4.1 Building Your Trading System
Key Takeaways
- A trading system is not software — it’s a documented, repeatable process that removes emotion from your decisions
- The system has four components: market selection, entry criteria, position sizing, and exit rules — all defined before you trade
- The Kelly Criterion provides mathematically optimal position sizing, but practical traders use Half-Kelly or Quarter-Kelly because overestimating your edge leads to catastrophic overbetting
- A 15% drawdown circuit breaker forces you to stop trading and reassess when losses accumulate — this single rule prevents most blow-ups
- Paper trading → small live → full size is the only safe validation sequence — skipping stages is the most common cause of avoidable losses
Scope: This module teaches you to integrate everything from Levels 1–3 into a personal, documented trading system. It connects directly to the strategies from Level 3 and sets up the operational infrastructure for Module 4.2: The Trading Journal.
What Is a Trading System?
A trading system is your pre-committed set of rules for how you trade. It answers four questions before you ever look at a market:
- What do I trade? (Market selection criteria)
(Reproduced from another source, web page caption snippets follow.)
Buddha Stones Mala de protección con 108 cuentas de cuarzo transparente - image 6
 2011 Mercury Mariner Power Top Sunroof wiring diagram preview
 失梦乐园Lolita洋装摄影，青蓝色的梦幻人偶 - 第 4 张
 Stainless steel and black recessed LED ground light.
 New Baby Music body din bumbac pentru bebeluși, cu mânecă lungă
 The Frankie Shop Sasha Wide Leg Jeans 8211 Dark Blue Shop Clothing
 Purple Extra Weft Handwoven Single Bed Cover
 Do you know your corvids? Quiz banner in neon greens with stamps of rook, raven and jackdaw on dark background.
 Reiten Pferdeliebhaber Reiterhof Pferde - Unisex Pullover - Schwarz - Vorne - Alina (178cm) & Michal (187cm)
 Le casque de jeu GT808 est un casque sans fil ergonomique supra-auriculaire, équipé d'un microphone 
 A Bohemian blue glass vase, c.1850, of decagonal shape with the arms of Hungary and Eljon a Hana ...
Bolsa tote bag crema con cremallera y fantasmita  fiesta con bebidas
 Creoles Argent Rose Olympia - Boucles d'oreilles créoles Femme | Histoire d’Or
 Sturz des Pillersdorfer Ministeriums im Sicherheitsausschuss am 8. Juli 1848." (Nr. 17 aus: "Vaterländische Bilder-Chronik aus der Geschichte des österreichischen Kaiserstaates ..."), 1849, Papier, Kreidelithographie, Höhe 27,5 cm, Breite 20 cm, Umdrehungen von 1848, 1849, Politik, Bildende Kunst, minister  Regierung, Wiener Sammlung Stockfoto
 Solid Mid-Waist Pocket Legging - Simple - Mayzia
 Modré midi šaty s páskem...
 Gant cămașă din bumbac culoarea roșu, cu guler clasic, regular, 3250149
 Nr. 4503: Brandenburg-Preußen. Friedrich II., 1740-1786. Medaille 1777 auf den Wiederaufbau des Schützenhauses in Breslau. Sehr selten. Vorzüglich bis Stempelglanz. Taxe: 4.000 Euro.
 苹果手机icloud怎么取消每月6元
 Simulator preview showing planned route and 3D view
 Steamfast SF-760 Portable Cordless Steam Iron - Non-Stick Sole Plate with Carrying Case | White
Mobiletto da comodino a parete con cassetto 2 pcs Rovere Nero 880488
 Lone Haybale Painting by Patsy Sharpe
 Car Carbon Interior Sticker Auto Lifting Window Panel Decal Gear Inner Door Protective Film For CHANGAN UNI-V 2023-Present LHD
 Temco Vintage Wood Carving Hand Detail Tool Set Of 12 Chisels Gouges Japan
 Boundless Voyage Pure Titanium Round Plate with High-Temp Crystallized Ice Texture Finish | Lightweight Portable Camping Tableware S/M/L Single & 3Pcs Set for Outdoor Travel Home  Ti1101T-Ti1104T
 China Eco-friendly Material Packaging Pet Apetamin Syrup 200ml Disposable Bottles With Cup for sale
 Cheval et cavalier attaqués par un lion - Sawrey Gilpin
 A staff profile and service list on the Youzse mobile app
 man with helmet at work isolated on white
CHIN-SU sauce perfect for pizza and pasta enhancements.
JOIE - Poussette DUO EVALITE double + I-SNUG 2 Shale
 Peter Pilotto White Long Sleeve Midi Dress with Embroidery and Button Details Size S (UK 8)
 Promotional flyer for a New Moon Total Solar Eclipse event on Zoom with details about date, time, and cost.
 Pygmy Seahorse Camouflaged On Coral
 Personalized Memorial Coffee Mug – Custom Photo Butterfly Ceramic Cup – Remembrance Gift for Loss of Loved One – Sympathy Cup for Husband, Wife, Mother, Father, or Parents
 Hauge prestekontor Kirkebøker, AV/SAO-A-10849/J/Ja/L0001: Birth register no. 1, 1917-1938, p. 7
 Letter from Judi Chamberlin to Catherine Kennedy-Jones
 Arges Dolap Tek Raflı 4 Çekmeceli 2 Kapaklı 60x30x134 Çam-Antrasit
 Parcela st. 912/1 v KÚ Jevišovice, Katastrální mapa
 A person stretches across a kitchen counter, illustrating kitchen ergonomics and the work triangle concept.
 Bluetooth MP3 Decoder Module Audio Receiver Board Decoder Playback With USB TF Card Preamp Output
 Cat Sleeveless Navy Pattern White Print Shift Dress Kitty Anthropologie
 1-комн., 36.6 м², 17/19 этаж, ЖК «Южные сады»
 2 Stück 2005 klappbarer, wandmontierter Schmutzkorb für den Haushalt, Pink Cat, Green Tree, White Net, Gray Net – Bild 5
- When do I enter? (Entry conditions)
- How much do I risk? (Position sizing)
- When do I exit? (Exit rules)
The purpose of a system is to eliminate in-the-moment emotional decisions. When you’re watching a market spike and your adrenaline is pumping, you don’t want to be deciding how much to bet. You want to be executing a pre-made decision.
Component 1: Market Selection
Not every market is worth your attention. Your system should define explicit filters:
Selection Filters
| Filter | Purpose | Example Rule |
|---|---|---|
| Category | Focus on markets where you have analytical edge | “I only trade economic indicators and Fed decisions” |
| Liquidity minimum | Avoid markets where you can’t enter/exit efficiently | “Minimum $50,000 in 24-hour volume” |
| Resolution clarity | Avoid ambiguous resolution criteria | “Resolution source must be a named government agency or wire service” |
| Time to resolution | Match your capital deployment horizon | “Resolves within 90 days” |
| Edge threshold | Only trade when the gap between your estimate and market price exceeds TFT | “My estimate must diverge from market price by ≥2× my TFT” |
The discipline: If a market doesn’t pass all five filters, you don’t trade it. No exceptions for “I just have a feeling about this one.”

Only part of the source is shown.